A reader, however, pointed out a young man, quite tan, listening to Spare the Pig. She claimed that he had walked into Platteville from up North, and was walking across the U.S. The story sounded like Leon Logothetis, who wrote The Kindness Diaries and has spoken twice in this area. I didn’t have a notebook (the opposite of the Boy Scout motto “Be Prepared”), but I did have the recorder app on my cellphone, where my voice sounds as if I’m in the end stages of tuberculosis or The Scarlet Plague or something.

The man introduced himself as “just Jake, actually.” Jake said he walked from the Phillips/Prentice area, and said, “I’m actually going to travel as far south as I possibly can. Lately I’ve actually been snaking around Wisconsin.”

Unlike Logothetis, whose inspiration apparently was the Che Guevara movie “The Motorcycle Diaries,” Jake described himself as being someone at the end of his rope.

“I felt the need to leave,” he said. “I recently lost my job, I lost my fiancée; I lost my car because of my fiancée; she crashed it and totaled it out before she left me. I lost my child three years ago. And my life just wasn’t in a position where I knew exactly what to do. So I decided to just walk.

“I kind of feel as if God was speaking to me a little bit and said just get up and walk; I’ll take care of you.”

Apparently I am the first media person to encounter Jake and report about it, because I haven’t found a story about someone meeting Jake’s description online. I was going to call him over the weekend when I was more prepared for an interview, but he said he doesn’t have a cellphone.

Like Logothetis, Jake has been relying on the kindness of strangers while “touring the countryside and seeing everything that America has to offer,” without any money — “I’m just kind of living off of free love right now. I take a shower where I can,” including at Mound View Park on Friday, and he has stayed at churches. People have paid for him to get into museums. A Spare the Pig member paid for him to get into the fundraiser, where he was well fed. 

Given my illness I didn’t ask him questions I should have, such as how far he walks in a day, strange things that have happened, and so on. I did think to ask him what he thought of Platteville.

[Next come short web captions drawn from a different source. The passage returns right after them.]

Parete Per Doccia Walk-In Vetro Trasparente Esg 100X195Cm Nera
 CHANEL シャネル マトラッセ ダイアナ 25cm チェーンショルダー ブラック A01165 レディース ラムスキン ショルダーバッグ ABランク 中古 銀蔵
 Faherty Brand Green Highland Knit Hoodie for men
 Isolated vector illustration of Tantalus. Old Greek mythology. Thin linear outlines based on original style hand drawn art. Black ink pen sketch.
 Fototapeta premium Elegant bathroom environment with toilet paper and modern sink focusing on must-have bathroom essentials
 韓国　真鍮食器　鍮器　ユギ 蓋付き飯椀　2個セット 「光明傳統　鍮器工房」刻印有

“Platteville is an absolutely gorgeous town,” he said. “I absolutely love the sights. I’ve seen a lot your guys’ houses and the houses are absolutely gorgeous. Your guys’ college campus is absolutely amazing.”

Jake is planning on going to Florida, then California, then the East Coast, and maybe farther. “When I find a place that I really want to settle down at and live at, that’s when I’ll stop,” he said. “I’d like to kind of do this around the world.”

Then, even though I warned him of my disease that would surely result in his imminent demise if he got it, Jake shook my hand, which took real courage given how I sounded and looked.

A skeptical journalist would question whether he was making it up. (I had to eat editorial crow once after a story where the business person I wrote about, it turned out, had previous felony and business theft convictions, which in those pre-online court records days I discovered after the story was printed, of course.) Maybe Jake was making it up, although he had done a lot of work to create that story, and for what gain? 

In my career I have come upon a few people making improbable-length trips by two wheels, including a motorcycle rider traveling the Americas and a college classmate of my wife’s who biked hundreds of miles. If Jake has no job and no responsibilities or relationships to come back to, what’s his hurry?

I was going to wrap this up by suggesting a helping hand for Jake if you encounter him, but if he’s telling the straight story, he’s already south of the state line by now.